The qualifying process for the 1979 Thomas Cup took place from 27 August 1978 to 25 February 1979 to decide the final teams which will play in the final tournament.

== Qualification process ==
The qualification process is divided into four regions, the Asian Zone, the American Zone, the European Zone and the Australasian Zone. Teams in their respective zone will compete in a knockout format. Teams will compete for two days, with two singles and doubles played on the first day and three singles and two doubles played on the next day. The teams that win their respective zone will earn a place in the final tournament to be held in Jakarta.
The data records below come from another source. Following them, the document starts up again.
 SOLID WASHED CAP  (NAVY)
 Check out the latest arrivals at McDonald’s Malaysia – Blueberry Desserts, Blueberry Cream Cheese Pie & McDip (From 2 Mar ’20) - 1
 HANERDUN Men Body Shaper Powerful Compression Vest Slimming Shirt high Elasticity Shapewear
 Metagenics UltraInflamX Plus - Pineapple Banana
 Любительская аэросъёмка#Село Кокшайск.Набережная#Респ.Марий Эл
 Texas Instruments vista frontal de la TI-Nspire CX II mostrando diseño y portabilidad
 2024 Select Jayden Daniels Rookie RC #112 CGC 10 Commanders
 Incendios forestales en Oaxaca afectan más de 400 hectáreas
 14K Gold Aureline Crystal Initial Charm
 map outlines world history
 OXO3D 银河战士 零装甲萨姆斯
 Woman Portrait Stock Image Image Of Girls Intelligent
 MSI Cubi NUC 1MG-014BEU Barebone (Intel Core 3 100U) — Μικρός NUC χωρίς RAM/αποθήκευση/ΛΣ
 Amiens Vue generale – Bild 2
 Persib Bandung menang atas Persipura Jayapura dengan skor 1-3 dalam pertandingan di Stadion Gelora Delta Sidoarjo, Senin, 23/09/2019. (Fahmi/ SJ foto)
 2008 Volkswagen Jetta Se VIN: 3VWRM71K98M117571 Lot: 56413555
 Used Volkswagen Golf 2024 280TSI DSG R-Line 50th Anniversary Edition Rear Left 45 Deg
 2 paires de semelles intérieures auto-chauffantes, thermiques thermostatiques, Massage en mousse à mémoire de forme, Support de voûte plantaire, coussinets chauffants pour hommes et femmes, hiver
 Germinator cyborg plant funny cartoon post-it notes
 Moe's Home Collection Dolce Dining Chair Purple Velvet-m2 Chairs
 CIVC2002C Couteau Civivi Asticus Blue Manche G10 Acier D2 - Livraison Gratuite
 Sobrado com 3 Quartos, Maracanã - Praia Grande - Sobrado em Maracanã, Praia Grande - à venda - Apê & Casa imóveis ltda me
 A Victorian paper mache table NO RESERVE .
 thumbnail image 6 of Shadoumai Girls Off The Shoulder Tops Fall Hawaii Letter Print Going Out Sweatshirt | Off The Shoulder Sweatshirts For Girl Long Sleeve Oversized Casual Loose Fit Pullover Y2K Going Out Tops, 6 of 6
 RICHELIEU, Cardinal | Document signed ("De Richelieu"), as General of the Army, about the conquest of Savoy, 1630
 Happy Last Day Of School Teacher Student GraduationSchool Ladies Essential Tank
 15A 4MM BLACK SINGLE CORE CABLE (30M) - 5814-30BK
Indonesia qualified for the inter-zone play-offs as defending champions and hosts.

=== Qualified teams ===

| Country | Qualified as | Qualified on | Final appearance |
|---|---|---|---|
| Indonesia | 1976 Thomas Cup winners | 5 June 1976 | 8th |
| India | Asian Zone winners | 25 February 1979 | 4th |
| Denmark | European Zone winners | 18 February 1979 | 11th |
| Canada | American Zone winners | 14 January 1979 | 4th |
| Japan | Australasian Zone winners | 24 September 1978 | 3rd |

== Asian Zone ==
=== First round ===
In the first round of the Asian zone, the tie between Singapore and Sri Lanka was not played due to both teams withdrawing their affiliation with the International Badminton Federation. The two teams were consequently scratched from the competition. Pakistan also withdrew their affiliation to the IBF and was also scratched from the competition. In May 1978, the IBF banned their members from taking part in any badminton events sanctioned by the World Badminton Federation, which was a rival and opposition to the IBF. The IBF also barred their members from taking part in the 1978 WBF World Championships in Bangkok.

=== Semi-finals ===
Thailand were due to play the winners of the India-Pakistan tie. It was later revealed that the Thai team were excluded from the competition and India would directly face Malaysia in the Asian zone final. Phiensak Sosothikul, who was the General Secretary of the Badminton Association of Thailand at the time, received a letter from the IBF, requesting them to declare which badminton federation they officially recognized. The IBF also warned the Thai association that recognition of the WBF would result in a total ban from participating in the Thomas Cup.

== American Zone ==

=== Final ===
The final of the American zone between Canada and Mexico was cancelled when the Mexican team pulled out of the competition because the team was not ready. Therefore, Canada advanced to the final tournament.